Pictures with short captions
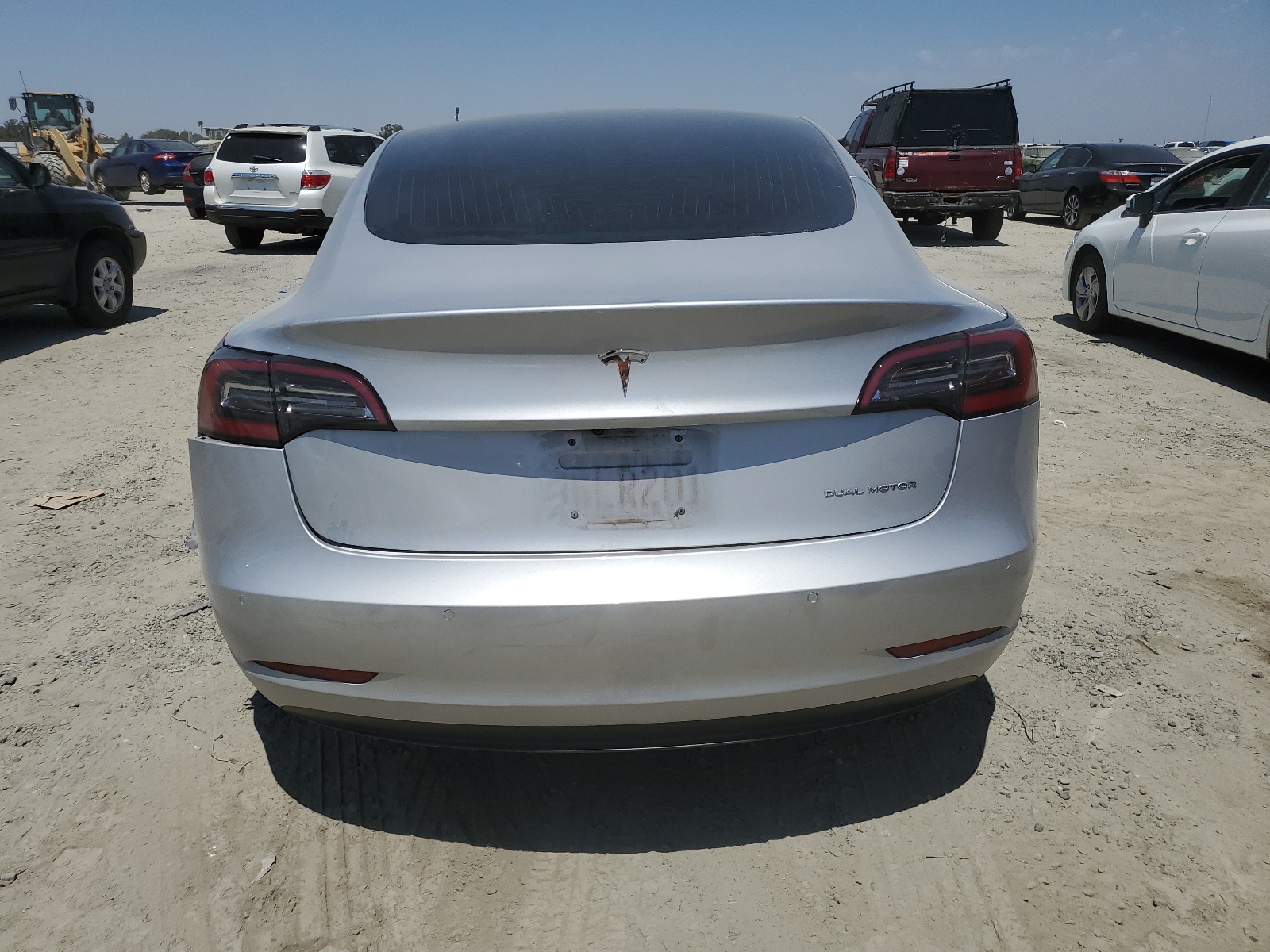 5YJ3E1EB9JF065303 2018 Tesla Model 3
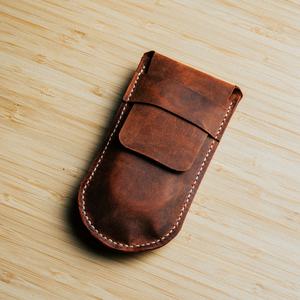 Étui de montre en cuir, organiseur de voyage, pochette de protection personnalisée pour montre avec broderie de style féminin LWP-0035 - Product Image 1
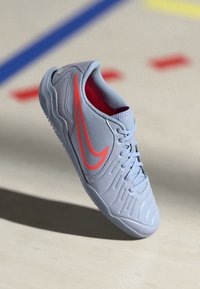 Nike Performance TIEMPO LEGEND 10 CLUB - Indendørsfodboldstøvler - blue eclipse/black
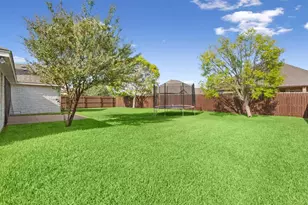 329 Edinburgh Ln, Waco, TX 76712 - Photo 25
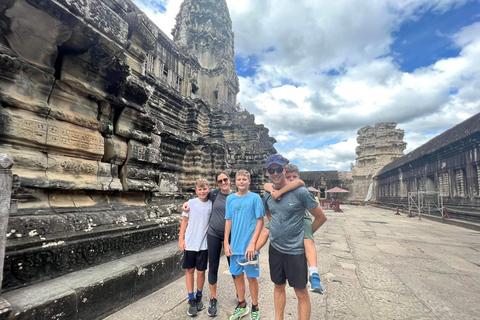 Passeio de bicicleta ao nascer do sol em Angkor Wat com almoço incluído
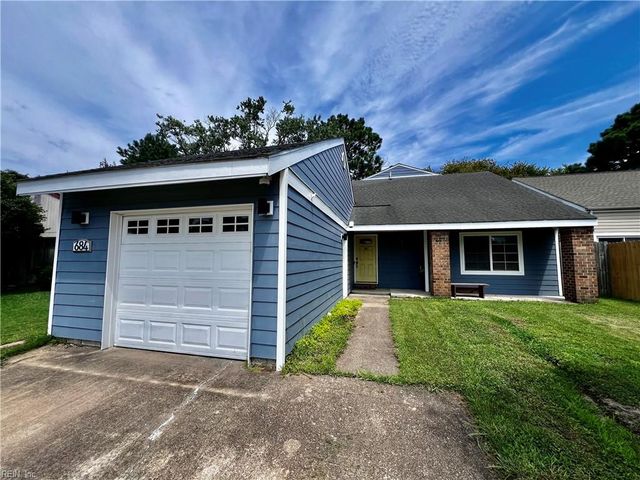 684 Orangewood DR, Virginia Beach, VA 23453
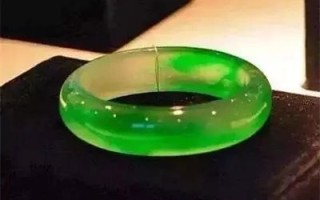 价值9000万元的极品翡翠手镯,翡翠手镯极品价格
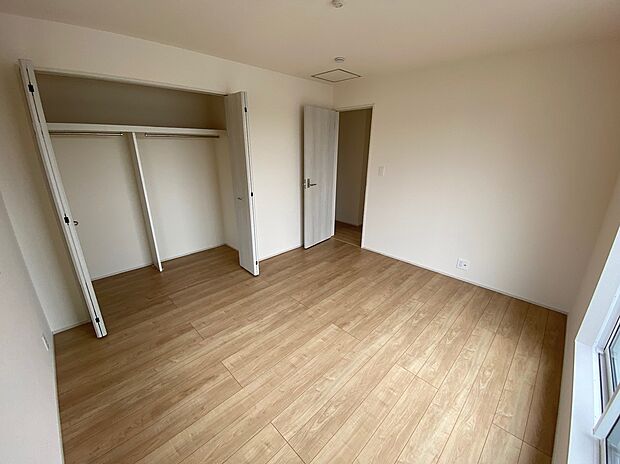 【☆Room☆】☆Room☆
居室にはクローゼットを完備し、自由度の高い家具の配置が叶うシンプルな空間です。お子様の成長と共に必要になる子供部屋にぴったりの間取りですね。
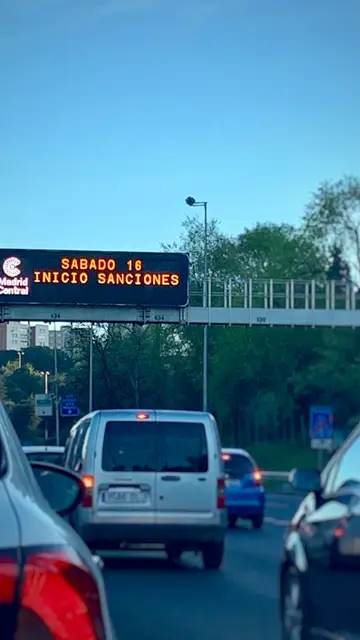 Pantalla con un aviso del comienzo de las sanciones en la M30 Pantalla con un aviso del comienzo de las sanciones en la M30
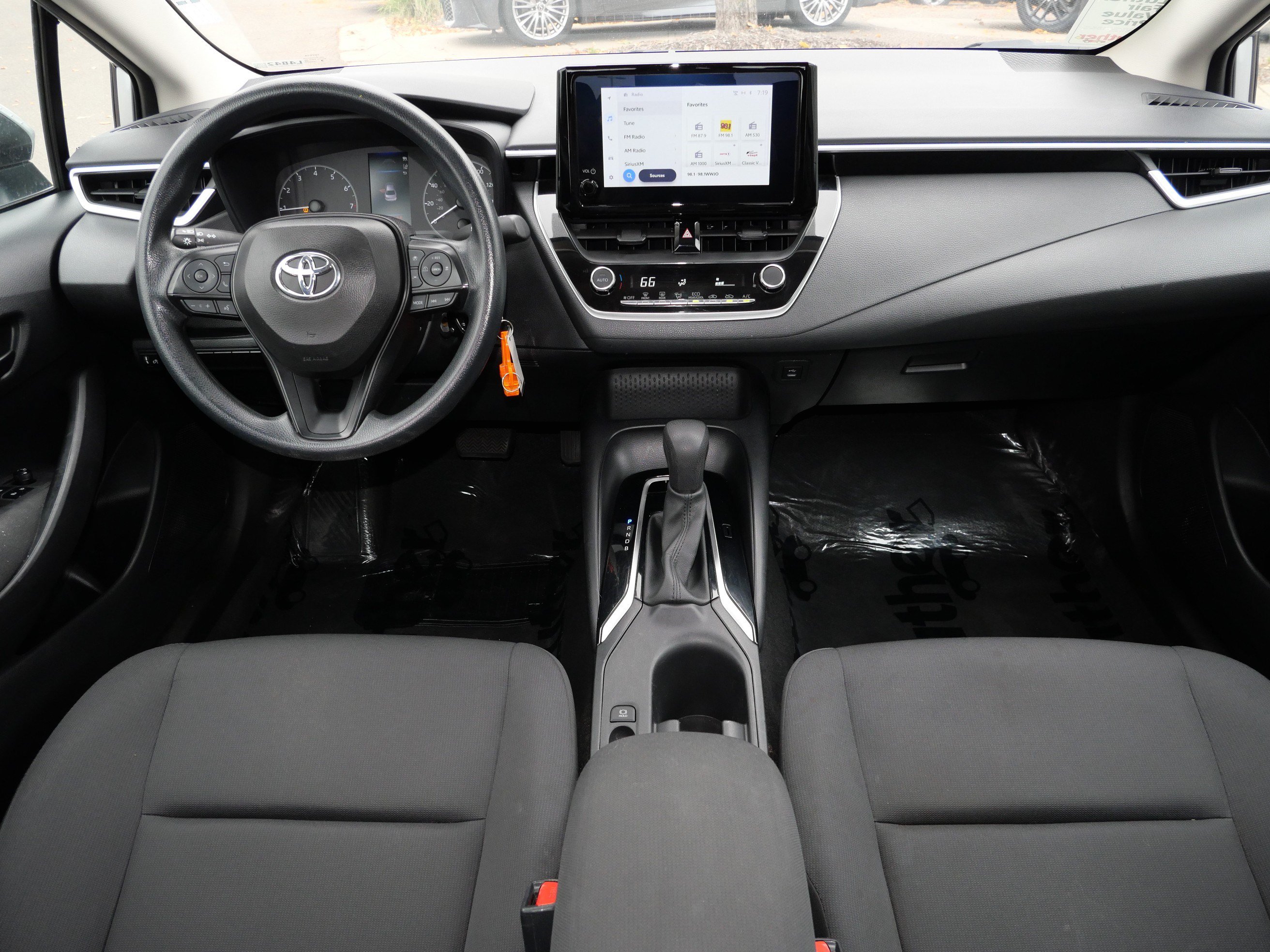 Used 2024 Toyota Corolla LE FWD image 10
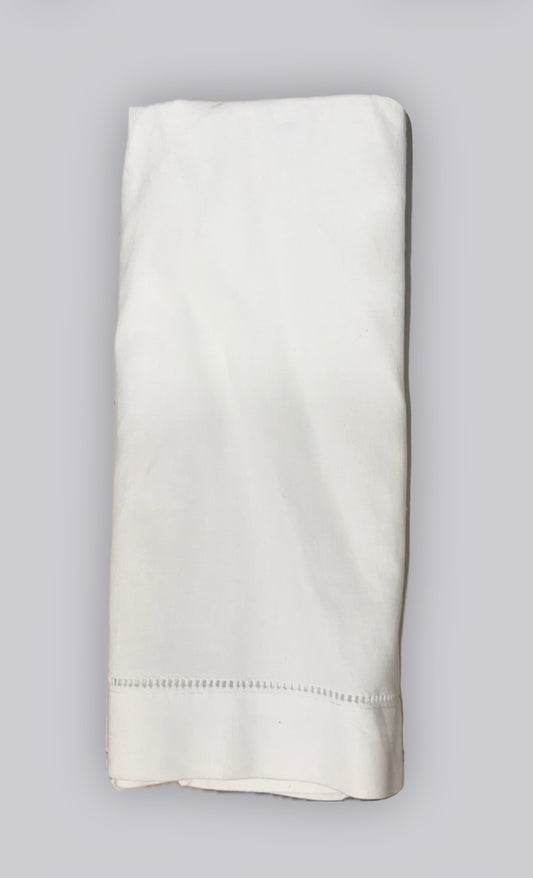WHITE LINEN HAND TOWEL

» **WHAT TO WORK ON**
Return the lines of the data above in full and exactly, with no pictures.

» **PROBLEM SOLUTION**
 5YJ3E1EB9JF065303 2018 Tesla Model 3
 Étui de montre en cuir, organiseur de voyage, pochette de protection personnalisée pour montre avec broderie de style féminin LWP-0035 - Product Image 1
 Nike Performance TIEMPO LEGEND 10 CLUB - Indendørsfodboldstøvler - blue eclipse/black
 329 Edinburgh Ln, Waco, TX 76712 - Photo 25
 Passeio de bicicleta ao nascer do sol em Angkor Wat com almoço incluído
 684 Orangewood DR, Virginia Beach, VA 23453
 价值9000万元的极品翡翠手镯,翡翠手镯极品价格
 【☆Room☆】☆Room☆
居室にはクローゼットを完備し、自由度の高い家具の配置が叶うシンプルな空間です。お子様の成長と共に必要になる子供部屋にぴったりの間取りですね。
 Pantalla con un aviso del comienzo de las sanciones en la M30 Pantalla con un aviso del comienzo de las sanciones en la M30
 Used 2024 Toyota Corolla LE FWD image 10
WHITE LINEN HAND TOWEL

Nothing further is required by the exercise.